RFC-0002: Ethereum Tracing Cache

Author
Zac Burns
RFC pull request
https://github.com/graphprotocol/rfcs/pull/4
Obsoletes (if applicable)
None
Date of submission
2019-12-13
Date of approval
2019-12-20
Approved by
Jannis Pohlmann

Summary

This RFC proposes the creation of a local Ethereum tracing cache to speed up indexing of subgraphs which use block and/or call handlers.

Motivation

When indexing a subgraph that uses block and/or call handlers, it is necessary to extract calls from the trace of each block that a Graph Node indexes. It is expensive to acquire and process traces from Ethereum nodes in both money and time.
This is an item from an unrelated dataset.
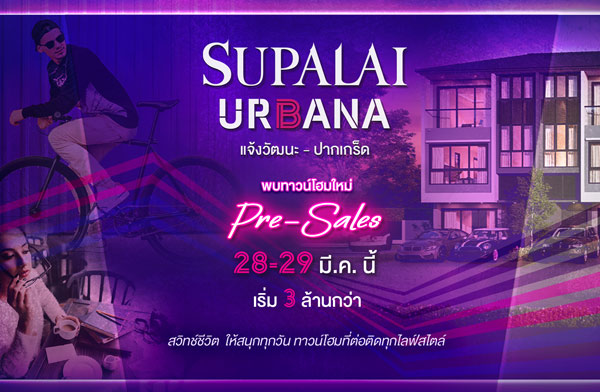 28-29 ��.�.��� ��������Ѻ�ç������� ������� �����ҹ� ���Ѳ��-�ҡ��� ��ǹ���� 3 ��� �������ѡ��Ҿ ����� 3 ��ҹ���Һҷ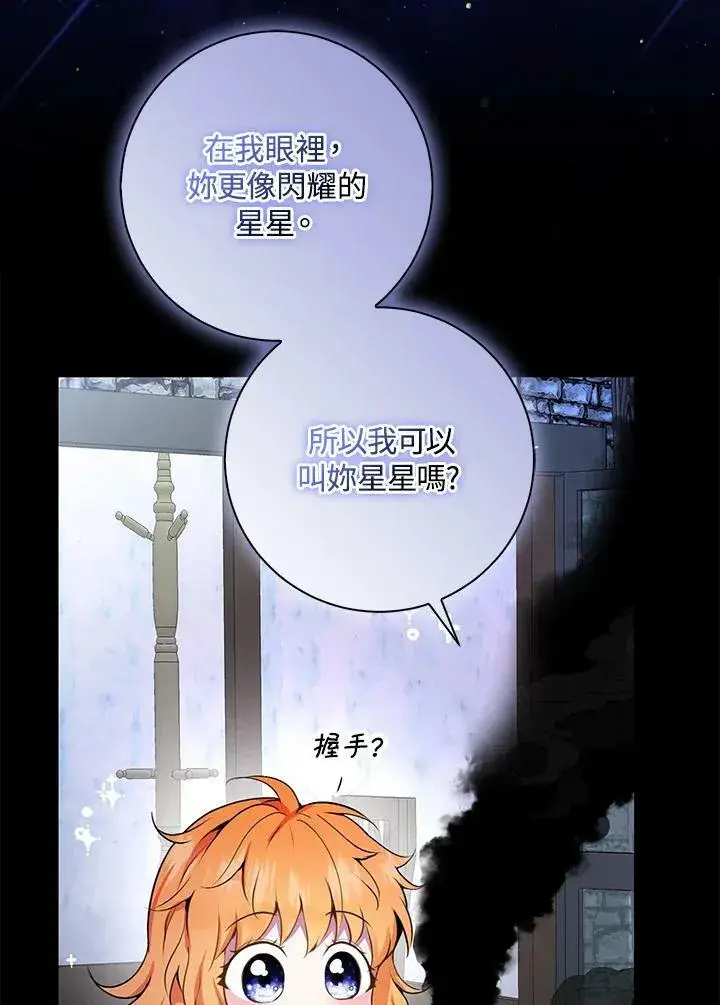 《狮子公爵家的松鼠千金》第31话图79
When developing a subgraph it is common to make changes and deploy those changes to a production Graph Node for testing. Each time a change is deployed, the Graph Node must re-sync the subgraph using the same traces that were used for the previous sync of the subgraph. The cost of acquiring the traces each time a change is deployed impacts a subgraph developer's ability to iterate and test quickly.

Urgency

None

Terminology

Ethereum cache: The new API proposed here.

Detailed Design

There is an existing EthereumCallCache for caching eth_call built into Graph Node today. This cache will be extended to support traces, and renamed to EthereumCache.

Compatibility

This change is backwards compatible. Existing code can continue to use the parity tracing API. Because the cache is local, each indexing node may delete the cache should the format or implementation of caching change. In this case of invalidated cache the code will fall back to existing methods for retrieving a trace and repopulating the cache.

Drawbacks and Risks

Subgraphs which are not being actively developed will incur the overhead for storing traces, but will not ever reap the benefits of ever reading them back from the cache.
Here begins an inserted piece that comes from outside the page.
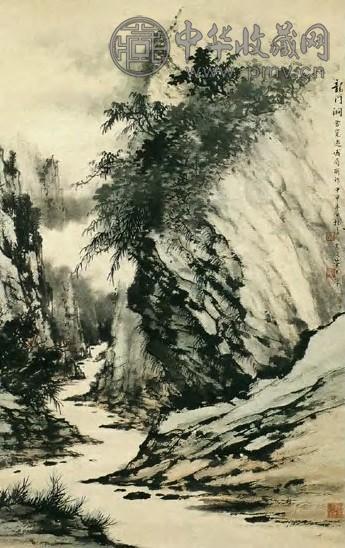 黄君璧 现代 龙门洞 轴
If this drawback is significant, it may be necessary to extend EthereumCache to provide a custom score for cache invalidation other than the current date. For example, trace_filter calls could be invalidated based on the latest update time for a subgraph requiring the trace. It is expected that a subgraph which has been updated recently is more likely to be updated again soon then a subgraph which has not been recently updated.

Alternatives

None

Open Questions

None